§ Data extracts
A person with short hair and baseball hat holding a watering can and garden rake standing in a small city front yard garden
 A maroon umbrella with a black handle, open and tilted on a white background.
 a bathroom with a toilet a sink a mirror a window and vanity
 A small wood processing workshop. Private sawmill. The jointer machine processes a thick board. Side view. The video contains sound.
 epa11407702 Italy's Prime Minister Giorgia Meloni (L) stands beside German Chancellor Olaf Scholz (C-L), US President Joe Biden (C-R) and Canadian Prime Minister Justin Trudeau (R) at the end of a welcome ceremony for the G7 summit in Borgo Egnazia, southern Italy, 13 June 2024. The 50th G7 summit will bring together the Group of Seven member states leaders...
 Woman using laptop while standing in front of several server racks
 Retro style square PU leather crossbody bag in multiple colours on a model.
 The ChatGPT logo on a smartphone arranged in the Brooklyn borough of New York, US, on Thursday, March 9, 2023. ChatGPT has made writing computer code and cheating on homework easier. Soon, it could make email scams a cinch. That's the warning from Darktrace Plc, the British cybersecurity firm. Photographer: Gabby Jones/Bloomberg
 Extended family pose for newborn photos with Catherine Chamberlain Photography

---

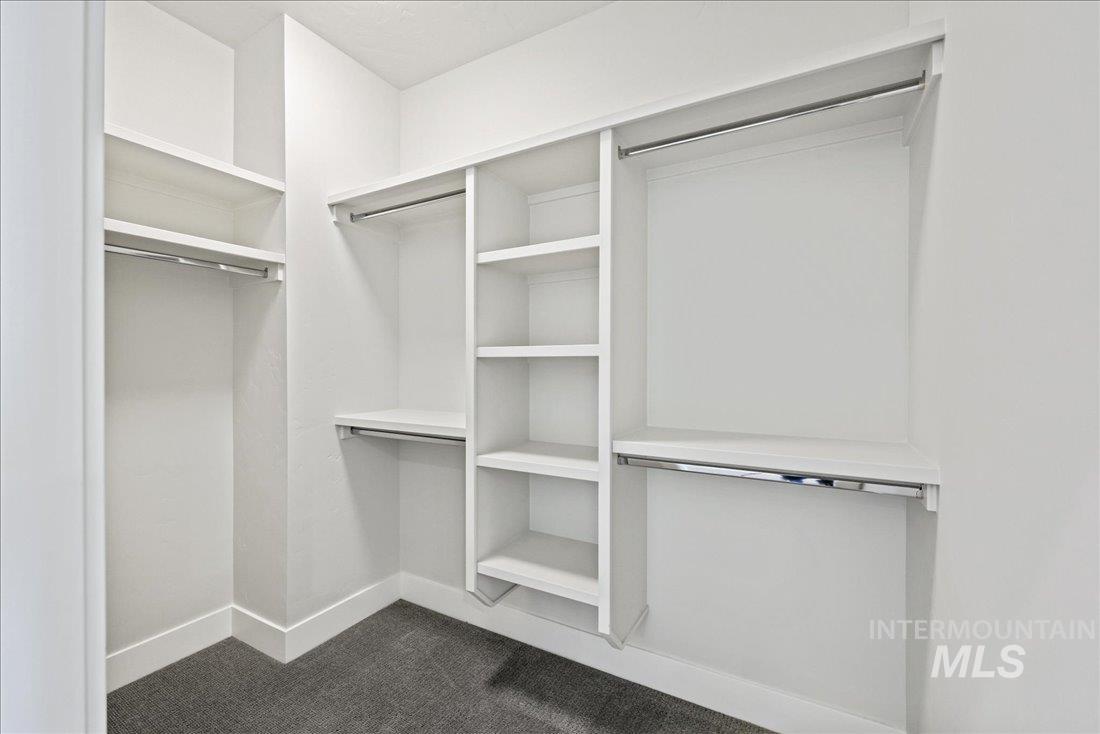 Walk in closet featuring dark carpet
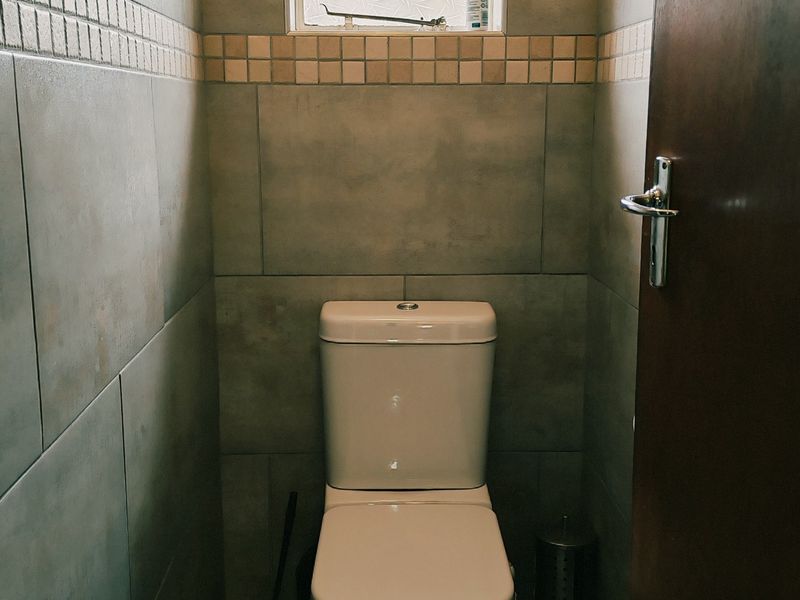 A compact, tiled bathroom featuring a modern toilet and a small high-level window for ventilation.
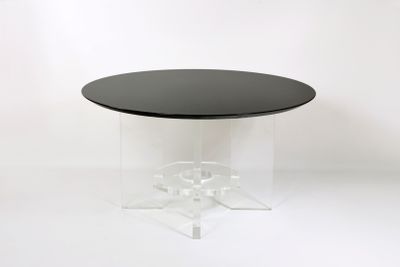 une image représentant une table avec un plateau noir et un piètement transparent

--

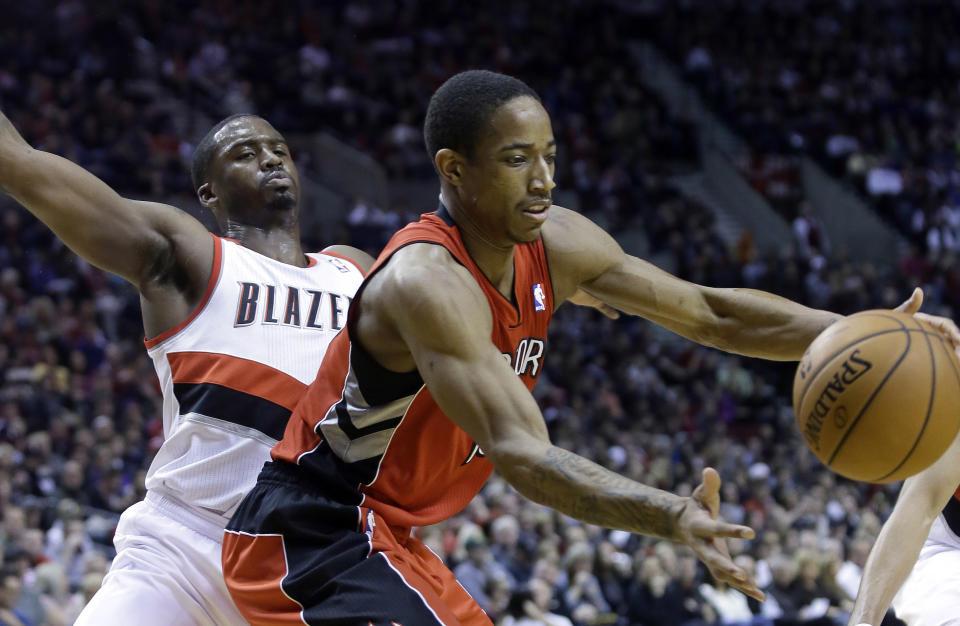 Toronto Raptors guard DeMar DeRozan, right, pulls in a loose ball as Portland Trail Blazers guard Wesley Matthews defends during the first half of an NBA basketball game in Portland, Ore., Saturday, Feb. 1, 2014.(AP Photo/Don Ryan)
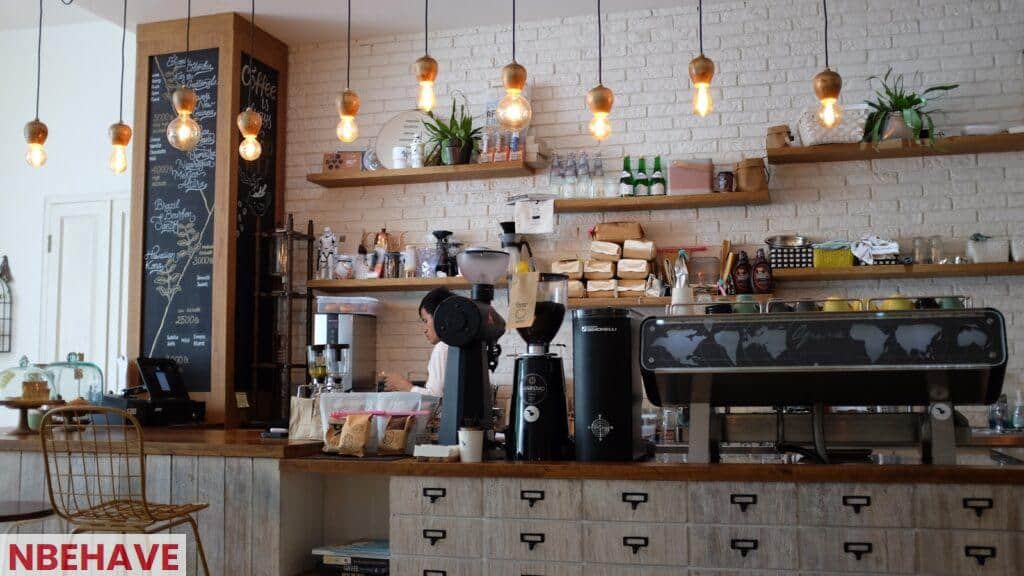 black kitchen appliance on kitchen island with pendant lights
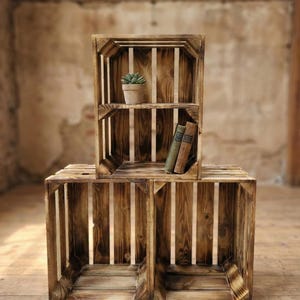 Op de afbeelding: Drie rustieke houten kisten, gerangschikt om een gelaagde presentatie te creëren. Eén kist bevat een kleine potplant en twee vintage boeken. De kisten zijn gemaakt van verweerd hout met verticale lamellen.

§ Task details
Treat the line with "Walk in closet featuring dark carpet" as the start and the line with "une image représentant" as the end, and return exactly that span of the data above, both ends included, without pictures.

§ Finished exercise
 Walk in closet featuring dark carpet
 A compact, tiled bathroom featuring a modern toilet and a small high-level window for ventilation.
 une image représentant une table avec un plateau noir et un piètement transparent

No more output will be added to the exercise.